Wenn „El Chapo“ jemanden loswerden wollte, habe er Auftragskiller gebeten oder selbst geschossen, sagte Staatsanwalt Fels weiter. Die US-Regierung habe so viel Kokain von Guzmans Imperium beschlagnahmt, dass sie theoretisch jedem US-Bürger – mehr als 300 Millionen Menschen – eine Prise abgeben könnte.

Verteidigung setzt auf Gegenangriff

Die Verteidigung wies die Vorwürfe zurück. Guzman werde als der größte Drogenhändler der Weltgeschichte dargestellt, aber das sei „nicht wahr“, sagte Anwalt Jeffrey Lichtman. Sein Klient habe das Scheinwerferlicht genossen, in Wirklichkeit aber „gar nichts kontrolliert“. Der eigentliche Boss des Kartells sei Guzmans früherer Partner Ismael „El Mayo“ Zambada gewesen.
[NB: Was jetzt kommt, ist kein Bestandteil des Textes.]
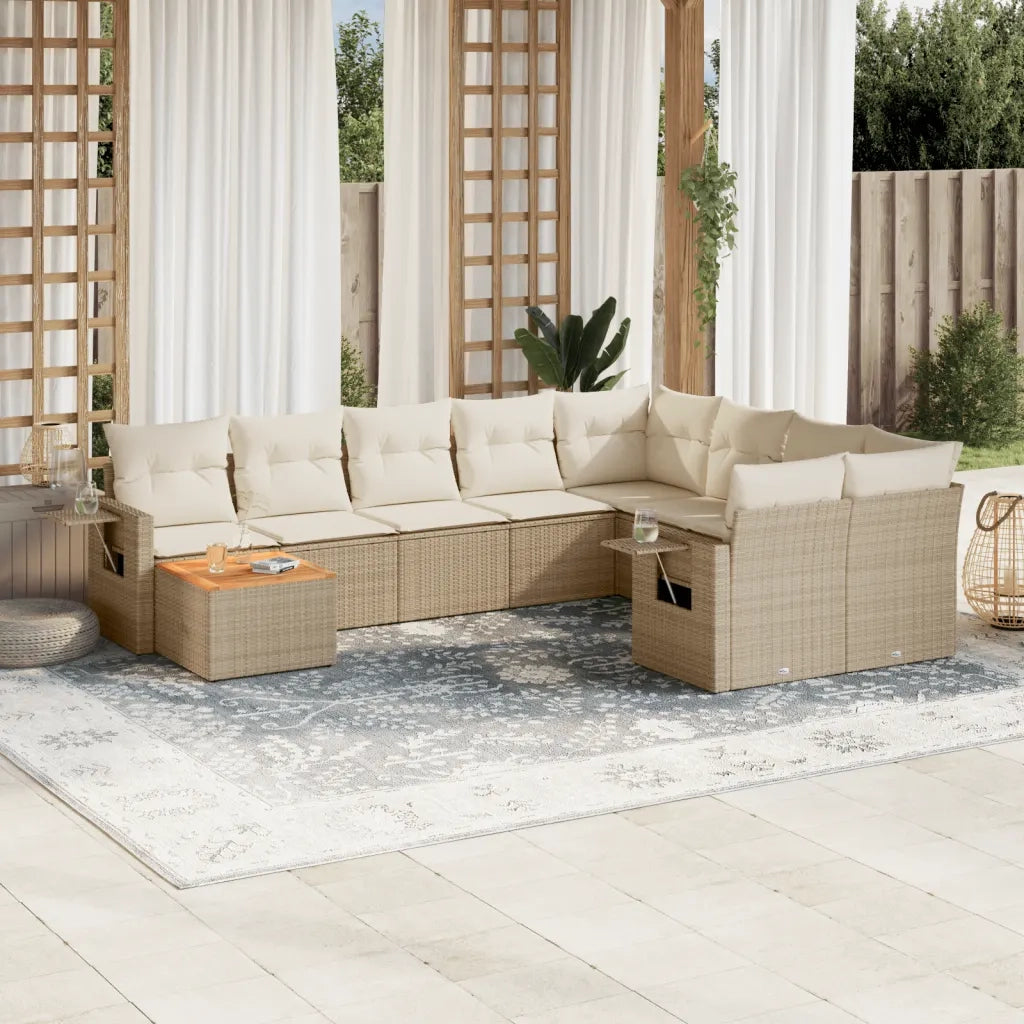 Set Divano da Giardino 10 pz con Cuscini Beige in Polyrattan 3224728
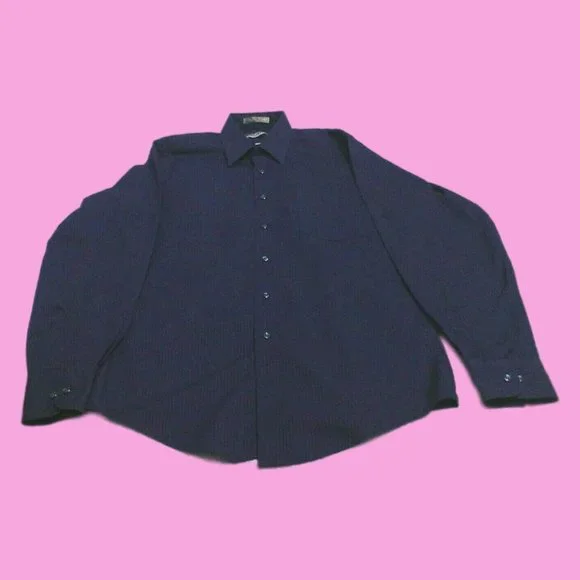 Van Heusen Men's Shirt Casual/Dress Long Sleeve Poly/Cotton Purple 15.5 (34/35) - Picture 14 of 16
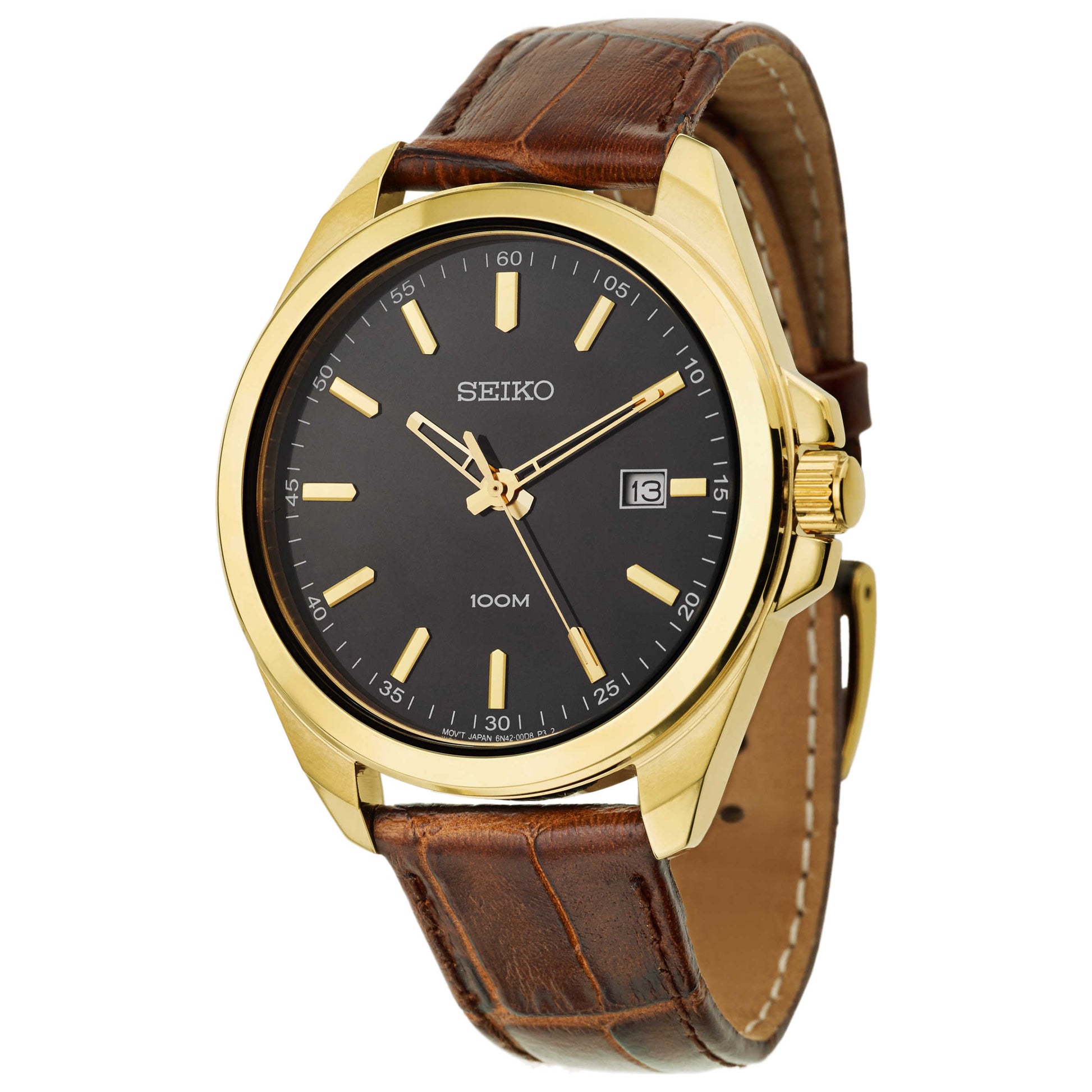 Front view of Seiko Dress Men's Japanese Quartz (Battery-Powered) Watch SUR078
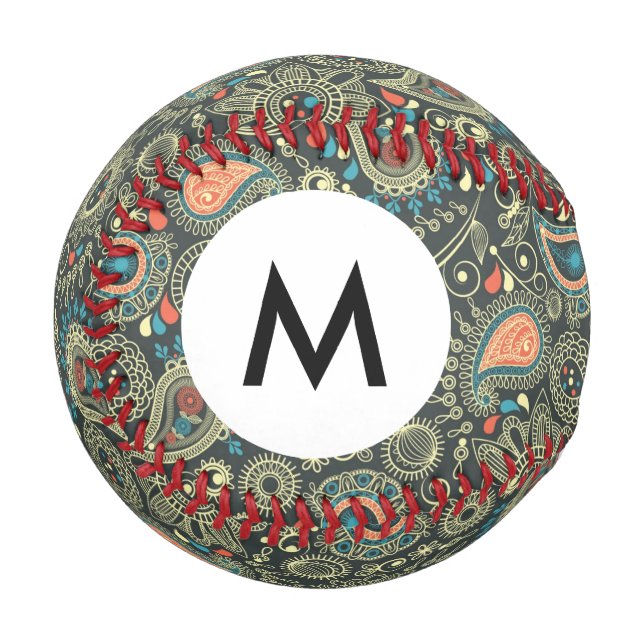 Monogramm Paisley Muster 3 Baseball (Vorderseite Links)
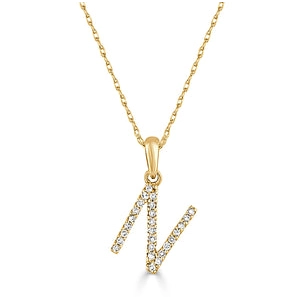 14K Yellow Gold Diamond N Initial Pendant Necklace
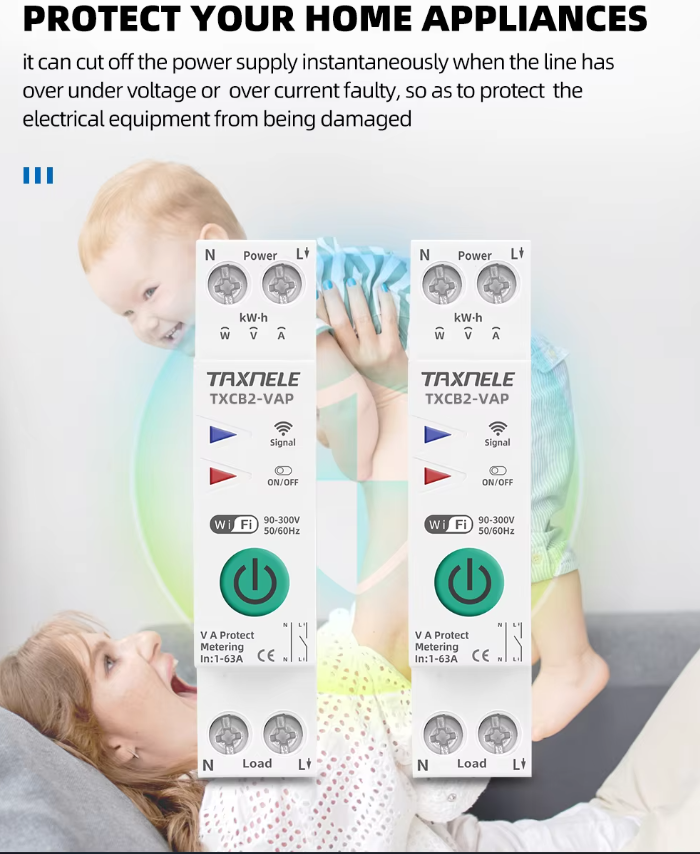 فیوز مینیاتوری هوشمند (محافظ ولتاژ و جریان نمایش مصرف انرژی)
Gerichtszeichnung des Prozesses um „El Chapo“
AP/Elizabeth Williams
Staatsanwalt Fels warf Guzman vor, einen „blutigen Krieg“ geführt zu haben

Zambada habe auch den früheren und dem derzeitigen Präsidenten Mexikos Schmiergeld in Millionenhöhe bezahlt, damit sich diese nicht in die Geschäfte des Kartells einmischten. „Mayo kann dafür sorgen, dass Menschen verhaftet werden und dass die mexikanische Armee und Polizei töten, wen er will.“ Sein Mandant Guzman dagegen sei lediglich der „Sündenbock“, sagte Lichtman weiter. „Warum braucht die mexikanische Regierung einen Sündenbock? Weil sie zu viel Geld bekommt, indem sie von den Chefs der Drogenkartelle bestochen wird.“

Mexikos Präsident Enrique Pena Nieto wies die Vorwürfe umgehend zurück. Die Regierung von Pena Nieto „hat den Kriminellen Joaquin Guzman verfolgt, gefasst und ausgeliefert. Die Behauptungen seines Anwalts sind komplett falsch und diffamierend“, schrieb der mexikanische Regierungssprecher Eduardo Sanchez auf Twitter. Auch Mexikos Ex-Präsident Felipe Calderon wies die Anschuldigungen zurück. „Weder er noch das Sinaloa-Kartell noch irgendjemand anderes hat Zahlungen an mich geleistet“, schrieb er auf Twitter.

Großer Andrang und verängstigte Geschworene

Der Prozess hatte am Dienstag unter strengsten Sicherheitsvorkehrungen im New Yorker Stadtteil Brooklyn begonnen. Bei strömendem Regen hatten sich schon sehr früh Dutzende Reporter und Schaulustige vor dem Gericht angestellt, um einen Platz im Saal zu bekommen. Die Eröffnungsplädoyers hatten sich zunächst verzögert, weil zwei der in der vergangenen Woche ausgewählten zwölf Jurymitglieder ausgetauscht werden mussten.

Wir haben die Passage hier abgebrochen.